2. Laat de kinderen brainstormen over het boek. Wat was goed in het boek? Wat was niet goed in het boek? Zijn er nog vragen als je het boek leest? Doet dit boek je denken aan andere boeken (patronen)?


Lesidee 2: Film bekijken 1. Bekijk samen met de leerlingen (een stuk van) “Kruistocht in spijkerbroek”. Bekijk de film samen met je leerlingen. Indien je hiervoor niet zoveel tijd wil uittrekken kan je altijd stukken uit de film selecteren. Men kan de film bekijken en daarna bespreken of men kan de film af en toe stopzetten en terwijl een aantal dingen benadrukken of bespreken.

 Men kan eerst de film bekijken om de leerlingen aan te moedigen het boek te lezen (beeldcultuur).De film kan hierbij een grote stimulans zijn.  Men kan ook omgekeerd werken en vanuit het boek vertrekken om daarna de film te bekijken.
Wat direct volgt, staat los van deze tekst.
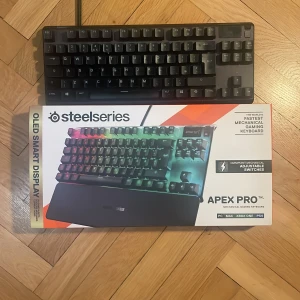 SteelSeries Apex Pro TKL - SteelSeries Apex Pro TKL mekaniskt gamingtangentbord med justerbara Omnipoint-switchar och OLED Smart Display. Kompatibelt med PC, Mac, Xbox One och PS4. Tangentbordet är i gott skick och fungerar utmärkt. Pris kan diskuteras.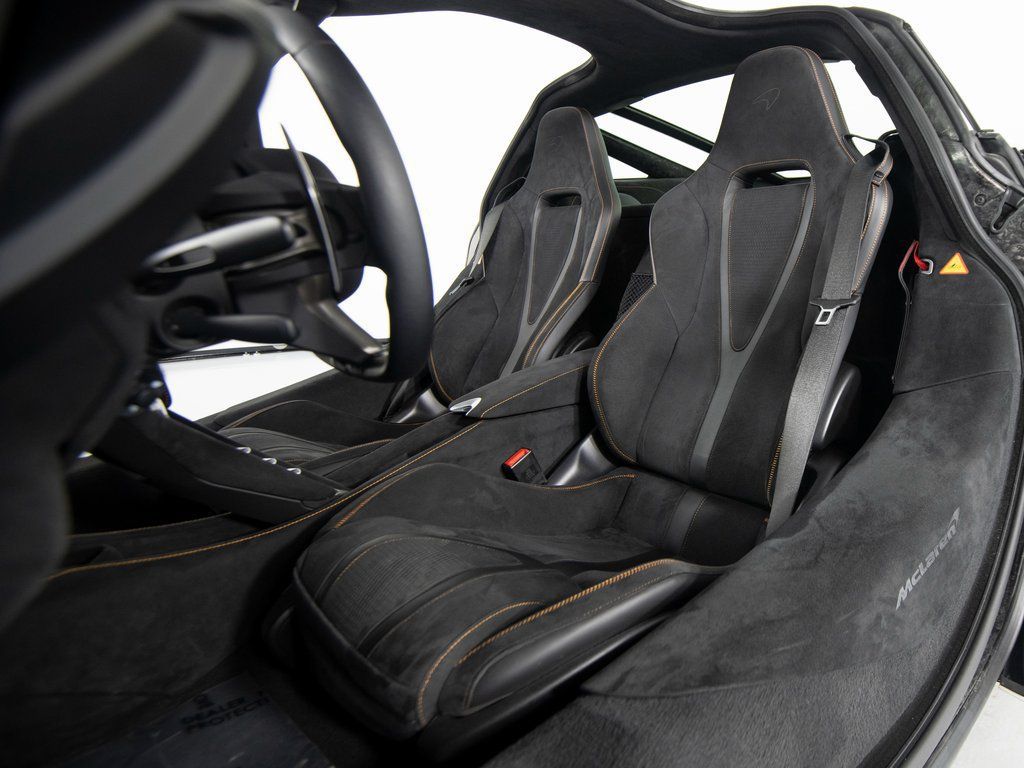 Used 2025 McLaren 750S RWD image 30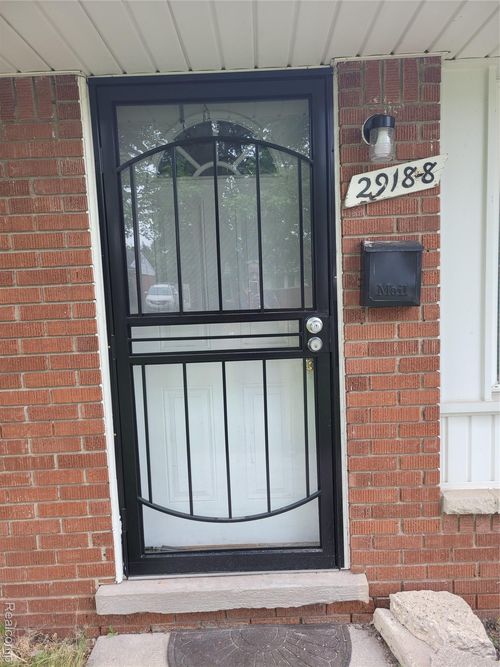 29188 Barrington St, Inkster, MI, 48141-1620 | Card Image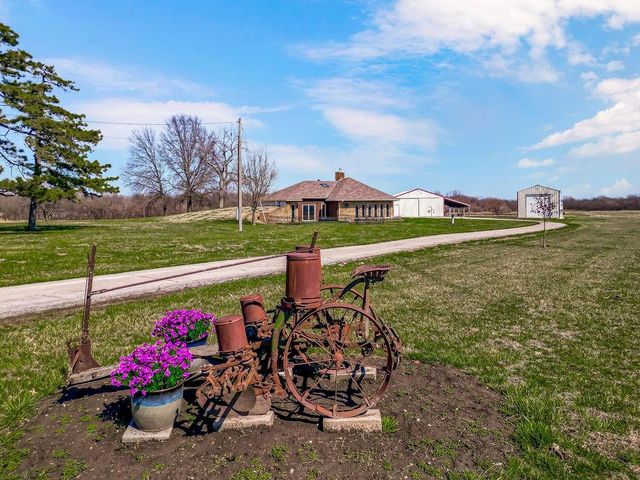 32701 S Dorsett Hill Lane, Archie, MO 64725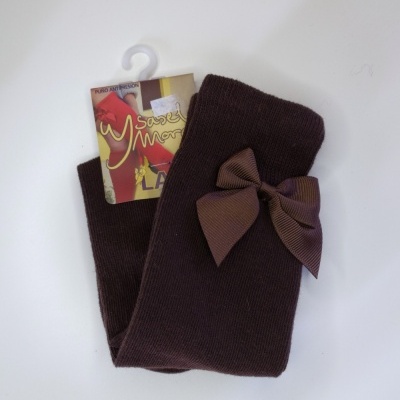 Meias castanhas com laço castanho e etiqueta com texto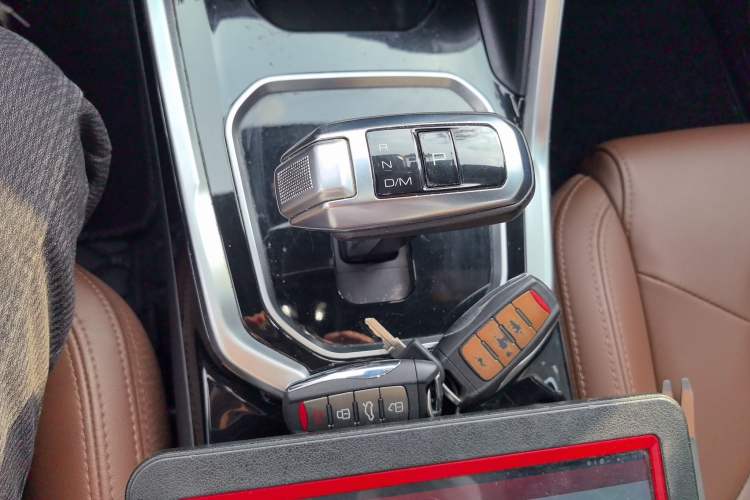 Used Haval H6 2017 Red-Label 2.0T Automatic Two-Wheel Drive Leading Edition
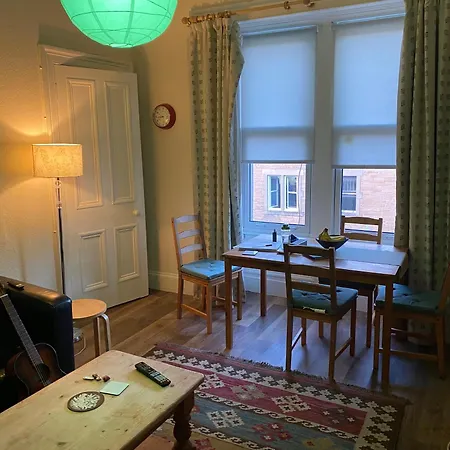 Central Room In Historic Tenement Shared Apartment Near Old Town Edinburgh Exterior photo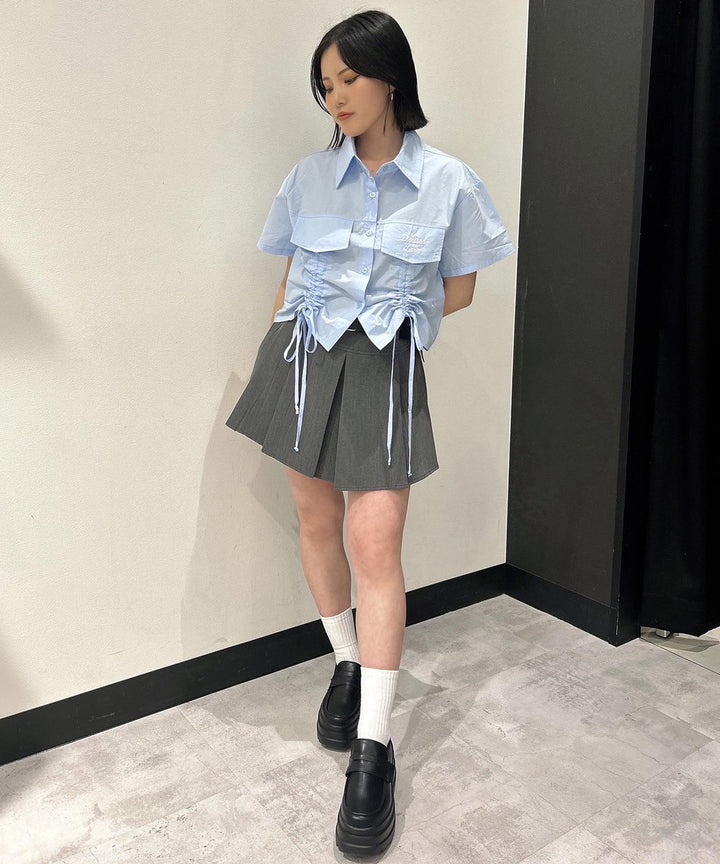 ブルー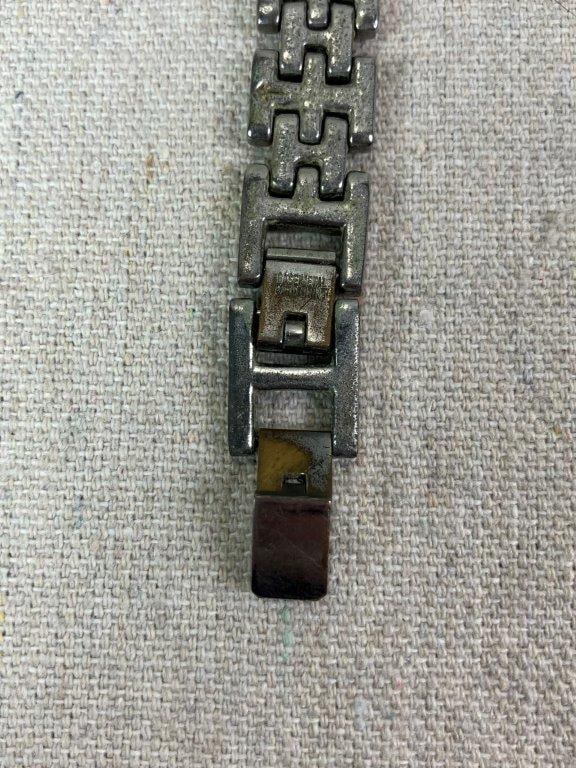 Vintage Disney Women’s Wristwatch with Mickey Dial - 6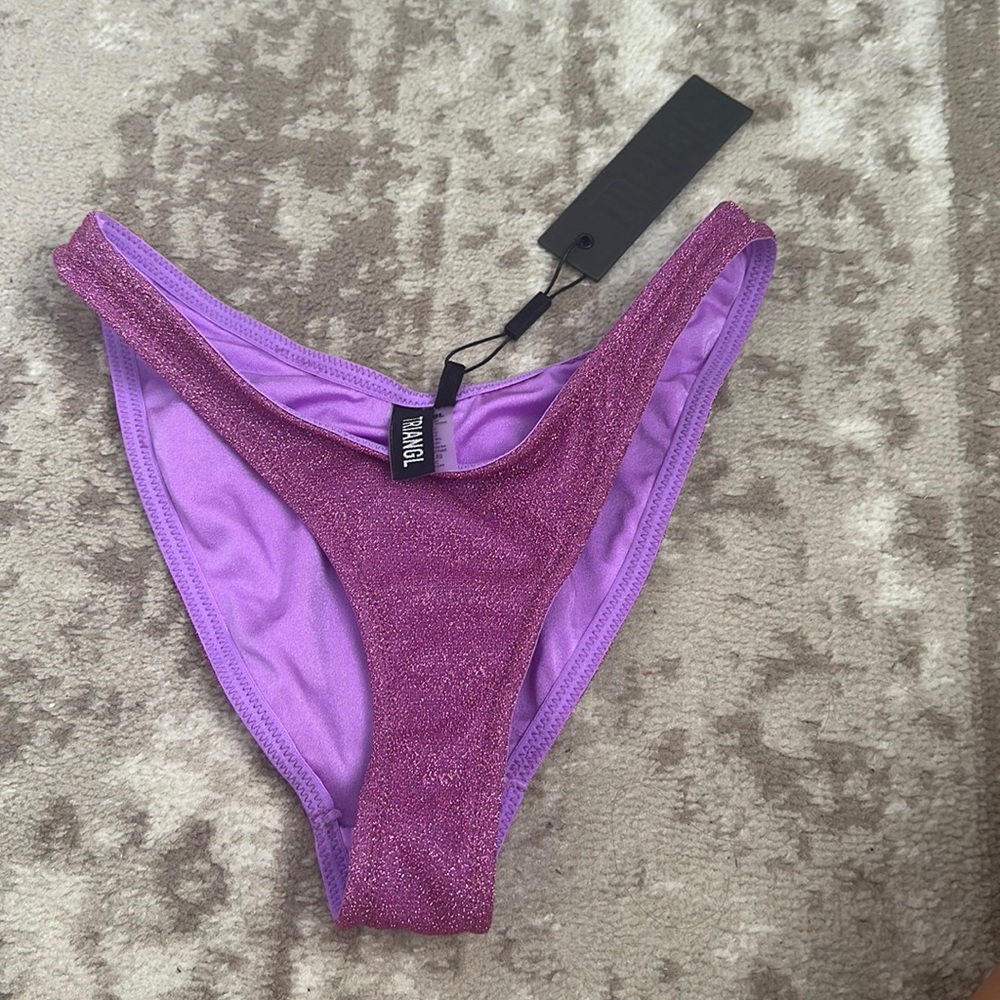 Size XS triangl swim top cheeky, never worn, & with tags!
Lesidee 3: Thema’s 1. Na het lezen van het boek/bekijken van de film kan men belangrijke thema’s die terugkomen bespreken. Dit kan men doen door fragmenten uit het boek te selecteren en op opdrachtkaarten te zetten. Deze fragmenten leest men voor in de klas (of men laat een leerling lezen) en men laat de leerlingen zoeken naar het thema van het fragment. Voorbeeld van een fragment met thema rijkdom-armoede: “Al deze kinderen verwachten Jeruzalem te zien. Zoals het nu gaat zal nog geen tiende deel van het de tocht volbrengen. Want hun leiders bekommeren zich niet om hen. Terwijl ze het zichzelf aan niets laten ontbreken.” En weer wees hij, ditmaal verwijtend, op de resten van de maaltijd, op de tent en de huifkar. “Jullie lopen niet, jullie rijden. Jullie hongeren niet. Jullie vatten geen kou als het regent en de stormwind over het kamp giert. Jullie kiezen een plek uit voor de nacht zonder je af te vragen of die wel geschikt is voor duizenden kinderen die geen tent hebben om beschutting te vinden…”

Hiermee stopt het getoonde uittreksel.